- Data shown:
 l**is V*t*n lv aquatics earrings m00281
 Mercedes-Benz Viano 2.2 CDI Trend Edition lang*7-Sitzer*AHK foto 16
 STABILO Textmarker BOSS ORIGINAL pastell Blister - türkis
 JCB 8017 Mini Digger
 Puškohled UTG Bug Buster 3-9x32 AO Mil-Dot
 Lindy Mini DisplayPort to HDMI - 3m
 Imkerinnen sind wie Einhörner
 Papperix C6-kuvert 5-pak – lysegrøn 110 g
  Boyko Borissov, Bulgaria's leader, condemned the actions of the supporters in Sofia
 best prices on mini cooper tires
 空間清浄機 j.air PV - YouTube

- Work task: Output the entries above exactly, please, with nothing dropped.

- Solution:
 l**is V*t*n lv aquatics earrings m00281
 Mercedes-Benz Viano 2.2 CDI Trend Edition lang*7-Sitzer*AHK foto 16
 STABILO Textmarker BOSS ORIGINAL pastell Blister - türkis
 JCB 8017 Mini Digger
 Puškohled UTG Bug Buster 3-9x32 AO Mil-Dot
 Lindy Mini DisplayPort to HDMI - 3m
 Imkerinnen sind wie Einhörner
 Papperix C6-kuvert 5-pak – lysegrøn 110 g
  Boyko Borissov, Bulgaria's leader, condemned the actions of the supporters in Sofia
 best prices on mini cooper tires
 空間清浄機 j.air PV - YouTube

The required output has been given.